WHAT YOU NEED TO DO> With the pictures left out, copy the listing below exactly.

SUPPLIED DATA>
=======
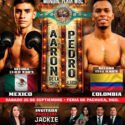 Matar o morir, Aarón de La Cruz en guerra de noqueadores por la corona mundial Silver WBC en Pachuca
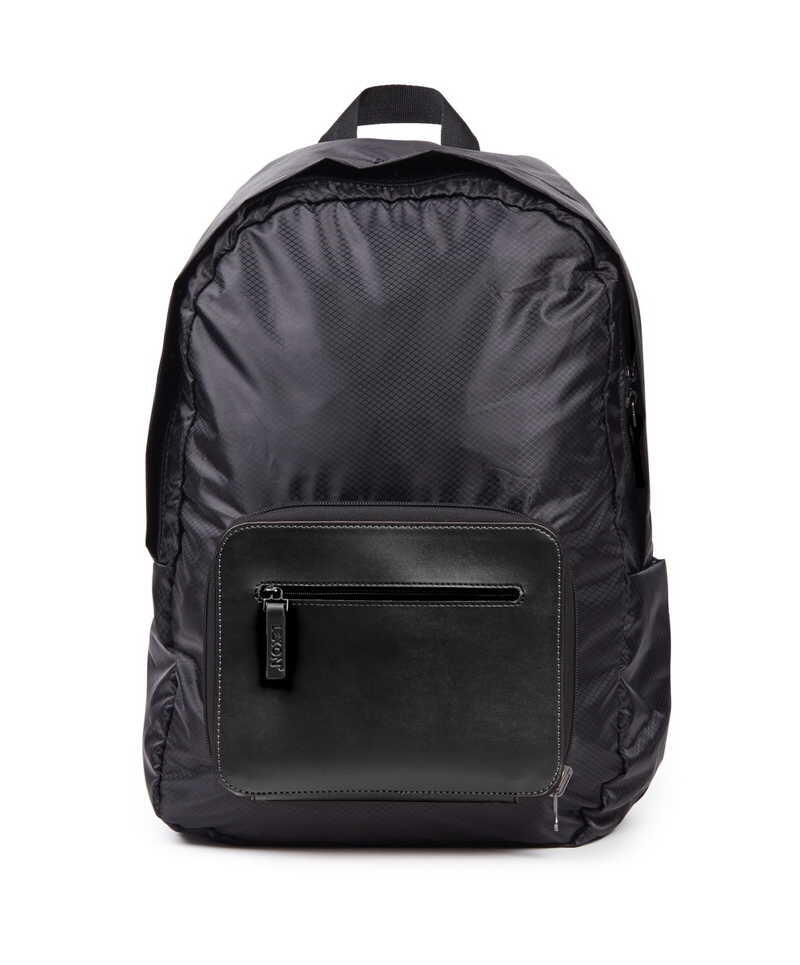 Mochila Lexon Packable preto 6/6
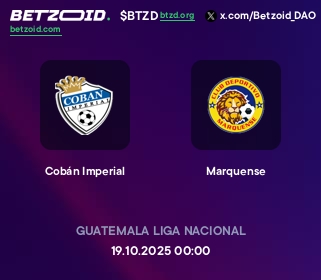 Cobán Imperial - Marquense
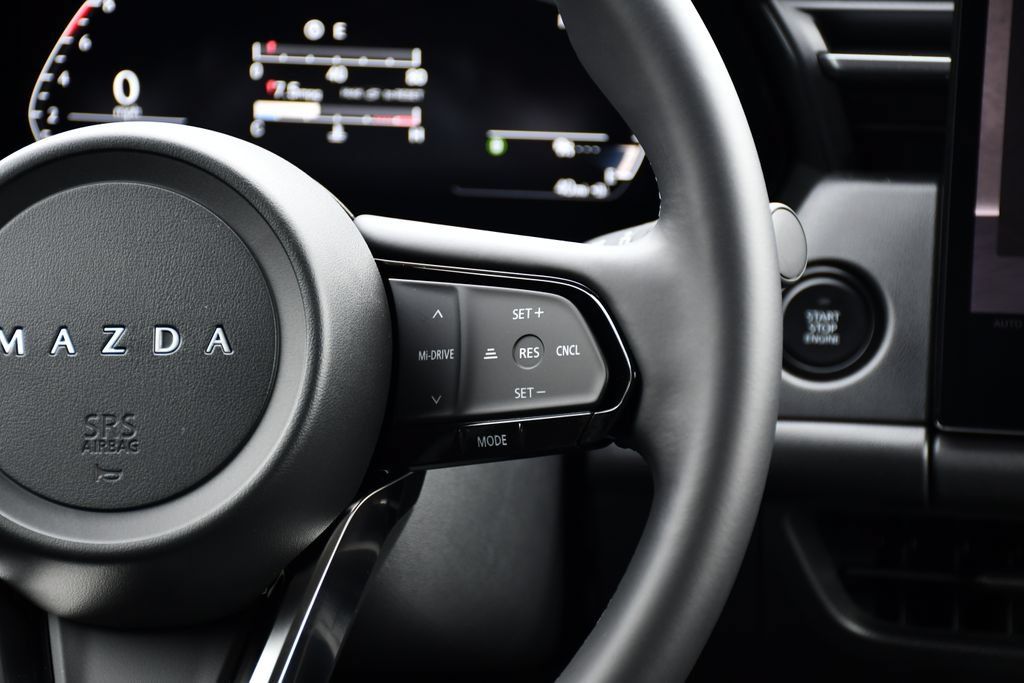 New 2026 MAZDA CX-5 Select AWD/4WD image 24
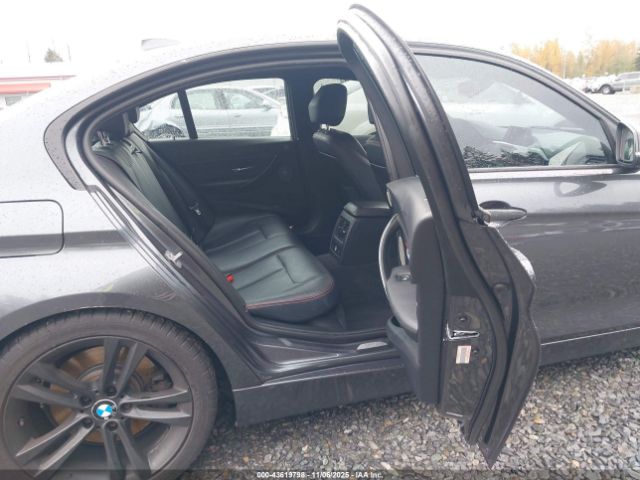2014 BMW 335I WBA3B9G54ENR79316 Photo 7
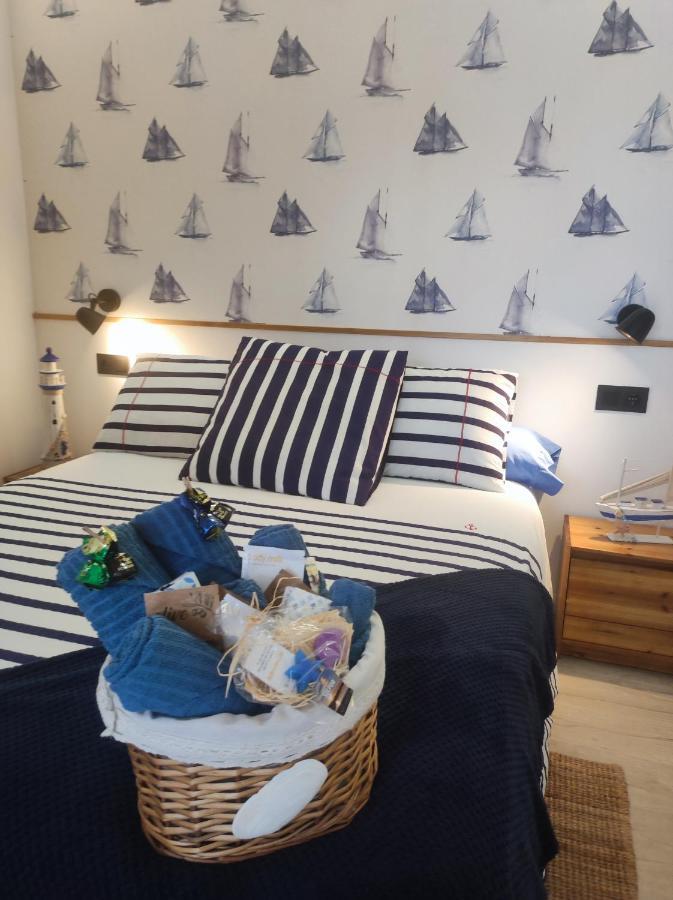 O Solpor No Camino Appartement Vilagarcia de Arousa Buitenkant foto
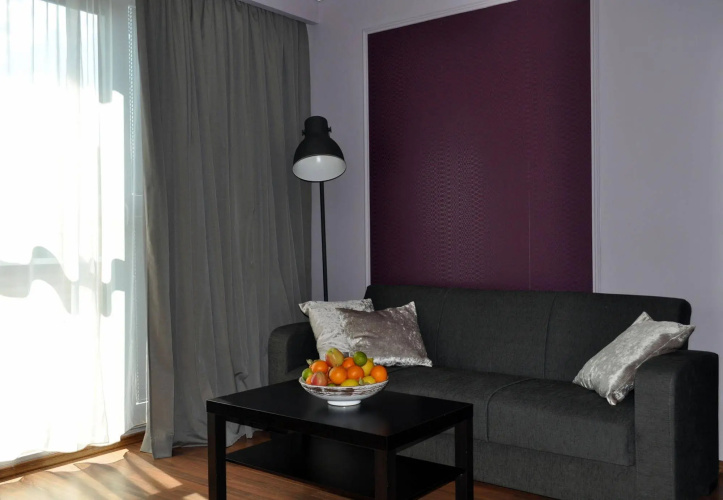 Balu Apartments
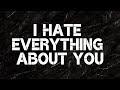 I Hate Everything About You - Three Days Grace ...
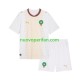 Maglie da Calcio Marocco Bambino Trasferta Tenuta 2026 Maniche Corte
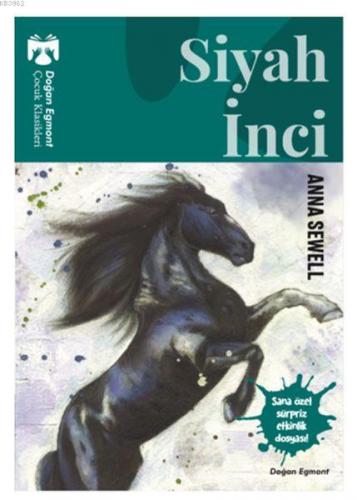 Siyah İnci | Anna Sewell | Doğan Egmont Yayıncılık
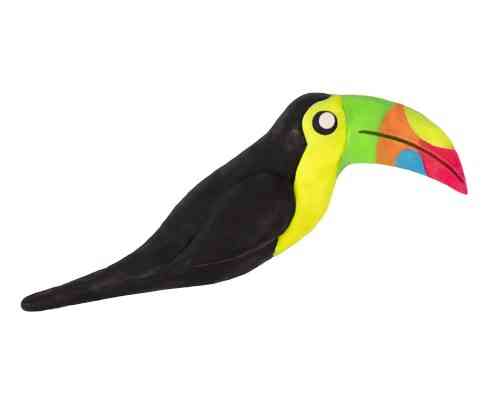 Пластилін Jovi NEON 6 кольорів по 15г (90/6F) Киев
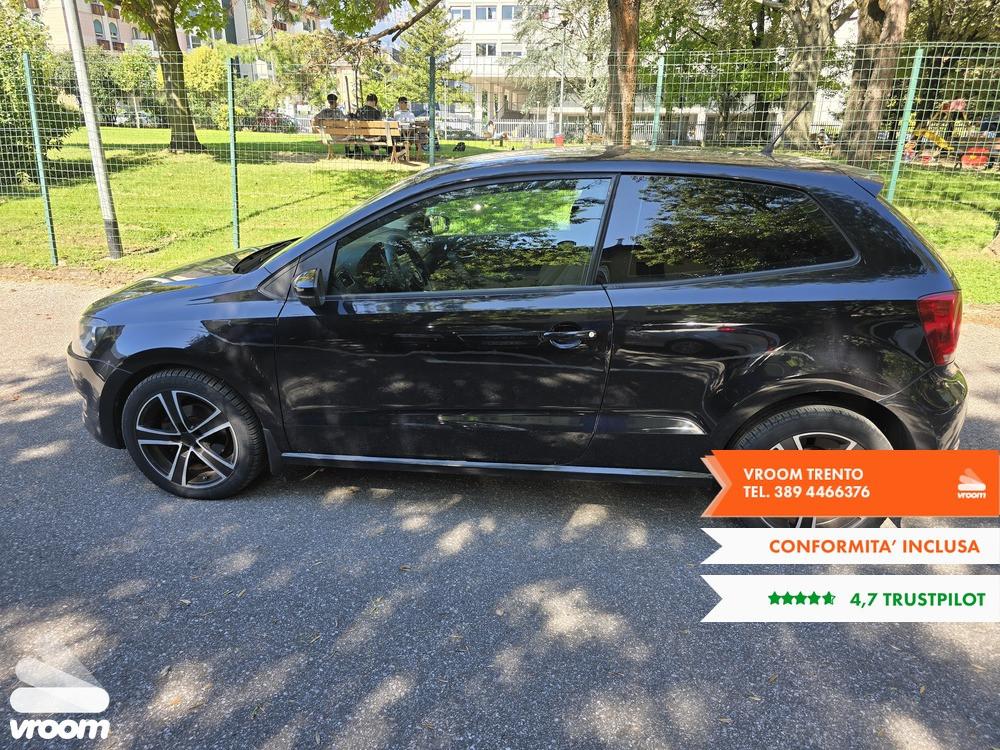 VOLKSWAGEN Polo 5ª serie Polo 1.6 TDI 90CV DPF...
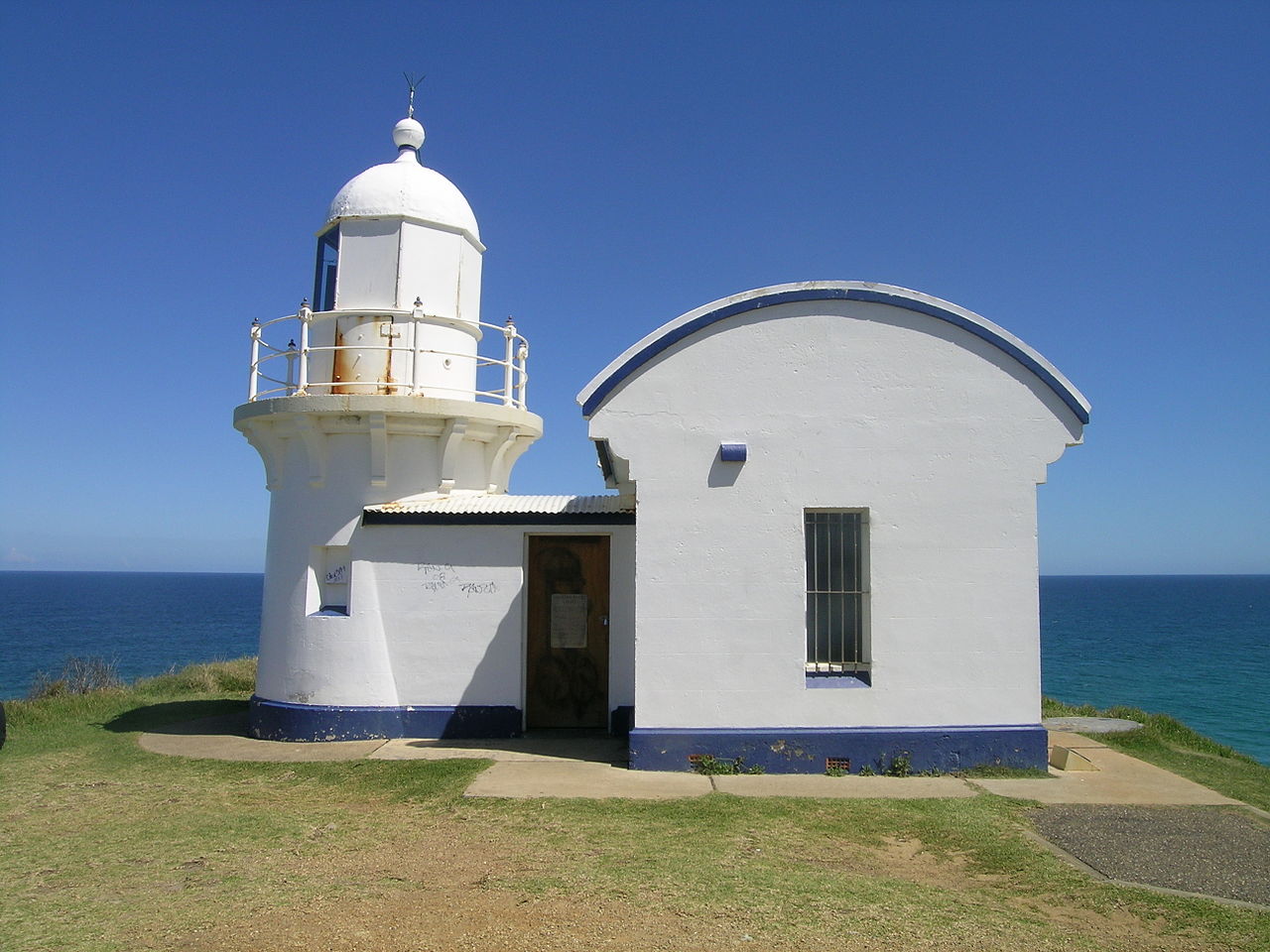 Port Macquarie - Tacking Point Lighthouse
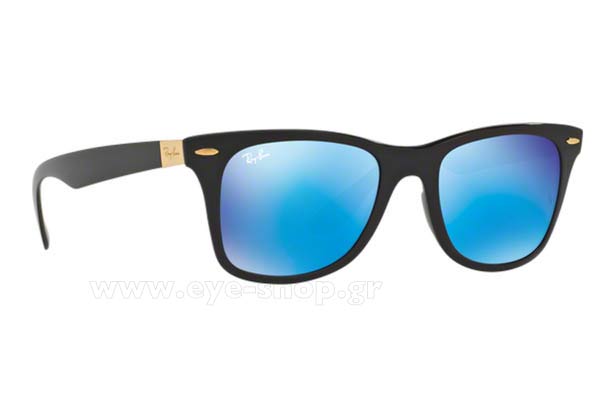 Γυαλια Ηλιου Rayban 4195-Wayfarer-Liteforce 631855 size 52 Τιμή: 144,20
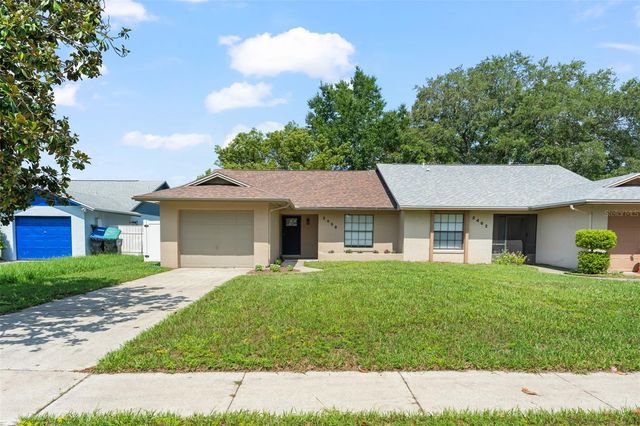 2458 LONG MEADOW WAY, Orlando, FL 32817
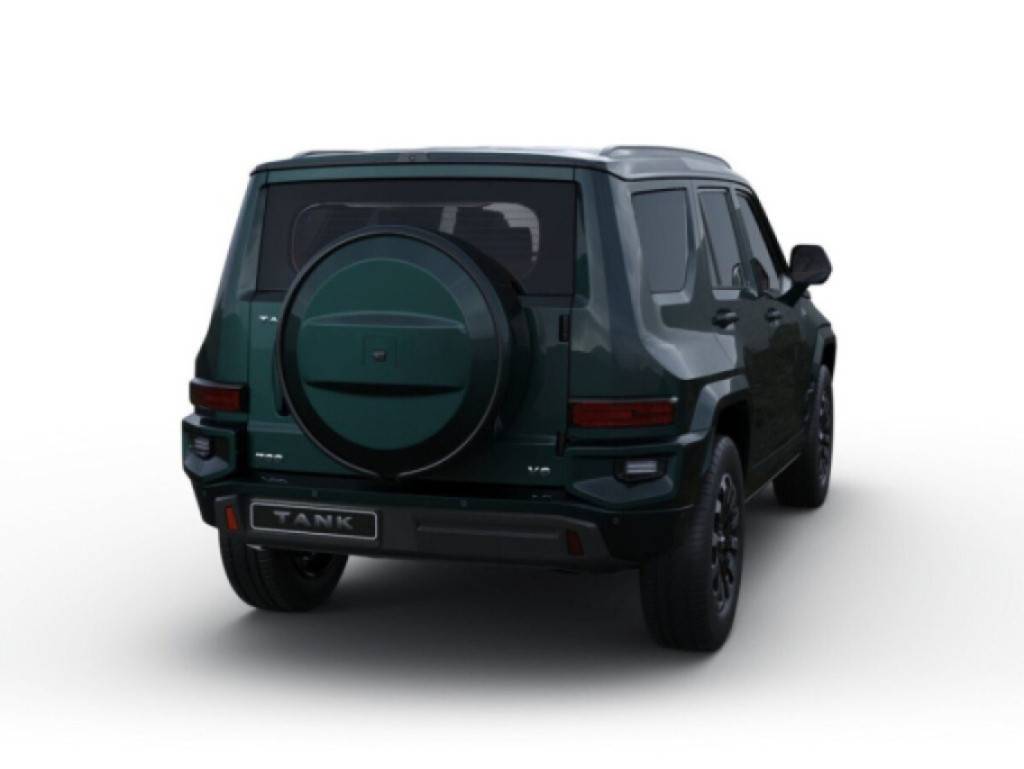 Tank 700 Premium 3.0 9AT 4WD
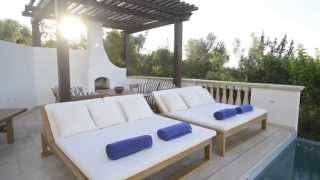 Alcyone Residence Anassa Cyprus [upl. by Nylannej393]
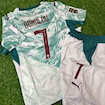 Picture of Portugal 2026 Away Ronaldo Kids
=======
REPLY TO THE EXERCISE>
 Matar o morir, Aarón de La Cruz en guerra de noqueadores por la corona mundial Silver WBC en Pachuca
 Mochila Lexon Packable preto 6/6
 Cobán Imperial - Marquense
 New 2026 MAZDA CX-5 Select AWD/4WD image 24
2014 BMW 335I WBA3B9G54ENR79316 Photo 7
 O Solpor No Camino Appartement Vilagarcia de Arousa Buitenkant foto
 Balu Apartments
 I Hate Everything About You - Three Days Grace ...
 Maglie da Calcio Marocco Bambino Trasferta Tenuta 2026 Maniche Corte
 Siyah İnci | Anna Sewell | Doğan Egmont Yayıncılık
 Пластилін Jovi NEON 6 кольорів по 15г (90/6F) Киев
 VOLKSWAGEN Polo 5ª serie Polo 1.6 TDI 90CV DPF...
 Port Macquarie - Tacking Point Lighthouse
 Γυαλια Ηλιου Rayban 4195-Wayfarer-Liteforce 631855 size 52 Τιμή: 144,20
 2458 LONG MEADOW WAY, Orlando, FL 32817
 Tank 700 Premium 3.0 9AT 4WD
 Alcyone Residence Anassa Cyprus [upl. by Nylannej393]
 Picture of Portugal 2026 Away Ronaldo Kids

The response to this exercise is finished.